Kein Spiel? Dann kicken die Fans halt selber

Beim Kick-off um 15 Uhr sind zwar 1000 Fans im Stadion, darunter hunderte Anhänger der Gäste, die elf schottischen Spieler stehen jedoch alleine auf dem Platz. Der estnische Verband wehrt sich gegen die Neuansetzung zu einem für die Zuschauer unattraktiverem Zeitpunkt. Also lässt er seine Spieler nicht antreten.

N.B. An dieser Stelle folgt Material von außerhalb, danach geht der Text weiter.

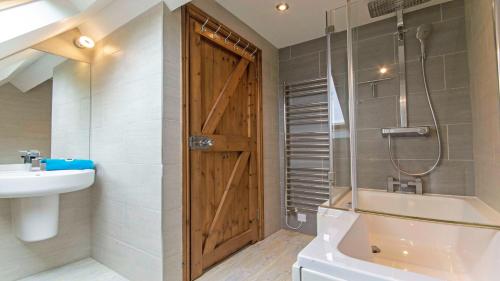 Bilik mandi di Stables Croyde | 4 Bedrooms / Sleeps 8 | Sea & Beach Views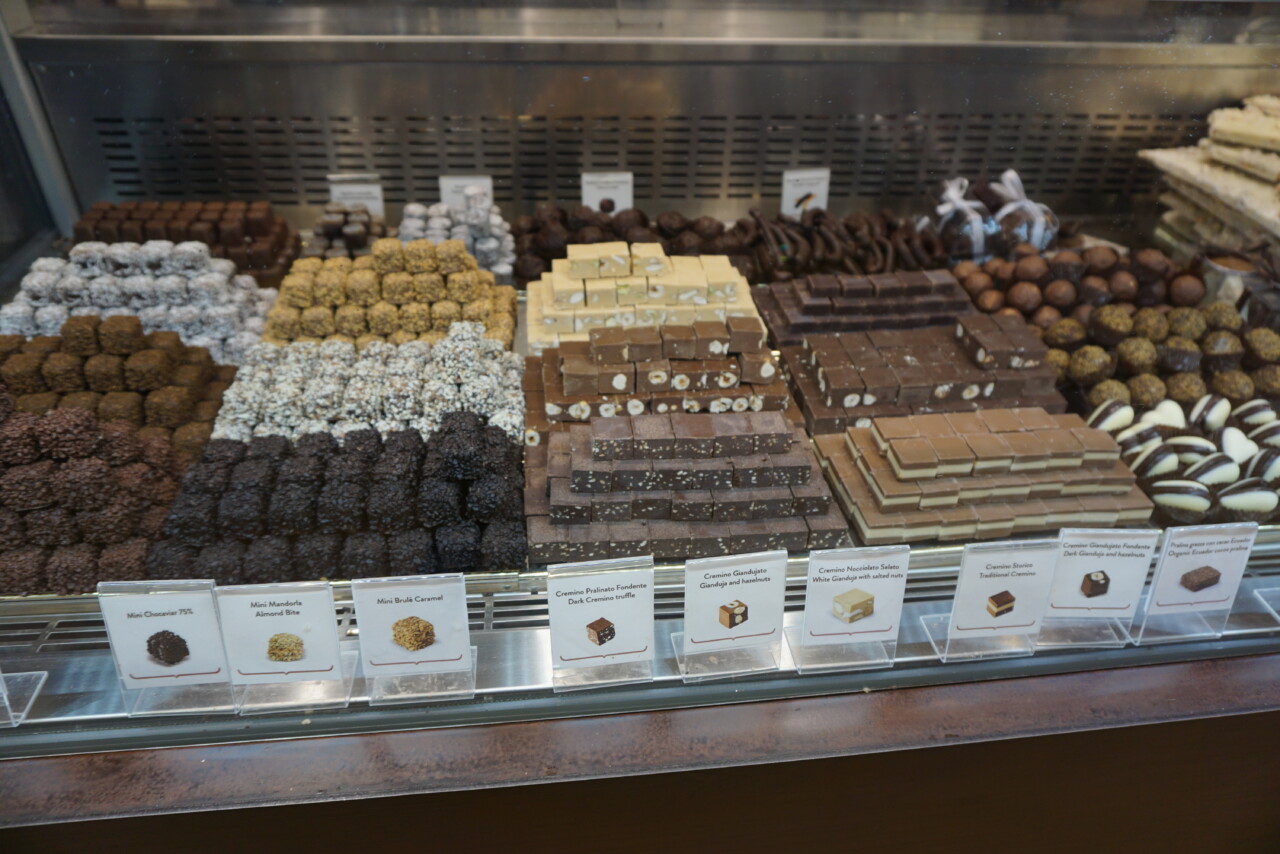 Mouthwatering chocolates at Venchi - Florence Mouthwatering chocolates at Venchi - Florence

Drei Sekunden dauert die Farce, dann pfeift der jugoslawische Schiedsrichter Miroslav Radoman die Partie ab. Wenig später werden die Fans selbst noch etwas für Fussball-Action auf dem Platz sorgen:

Kein Match? Dann kicken die schottischen Fans halt selber ein wenig (ab 1:05 Min. im Video).  Video: Youtube/sp1873

«One team in Tallinn!»

Die Schotten werden nämlich in Tallinn wie überall von einer Heerschar von Fans begleitet, von der «Tartan Army» («11 Freunde» publizierte einst diese schöne Reportage über sie). Weil für sie Fussball ohnehin in erster Linie ein Fest und ein willkommener Anlass zum Trinken ist, bejubeln die Kilt-Träger den Sieg auch so.

Schnell ist ein Song kreiert, der die Absage mit einem Augenzwinkern kommentiert: «One team in Tallinn, there's only one team in Tallinn!» Die Melodie ist übrigens die selbe wie jene, welche die Anhänger der Glasgow Rangers über Goalie Goram wiedergeben. Nach dessen Outing, schizophren zu sein, sangen diese nicht mehr, dass es nur einen Andy Goram gebe, sondern «Two Andy Gorams, there's only two Andy Gorams» ...

Ein Sieg ist ein Sieg: Die schottischen Fans feiern trotzdem. Bild: Youtube/ScottishFootballTV

Auf den Ärger folgt ein Happy End

Der Match endet mit einem 3:0-Forfaitsieg für die Schotten – das glauben diese zumindest. Doch sie haben die Rechnung ohne die FIFA gemacht, die beschliesst, die Partie auf neutralem Boden neu auszutragen. So trennen sich Estland und Schottland im Februar 1997 in Monaco 0:0. Goalie Mart Poom, eine Legende des FC Wil und später sogar bei Arsenal unter Vertrag, hält den Punkt für den Aussenseiter aus dem Baltikum fest.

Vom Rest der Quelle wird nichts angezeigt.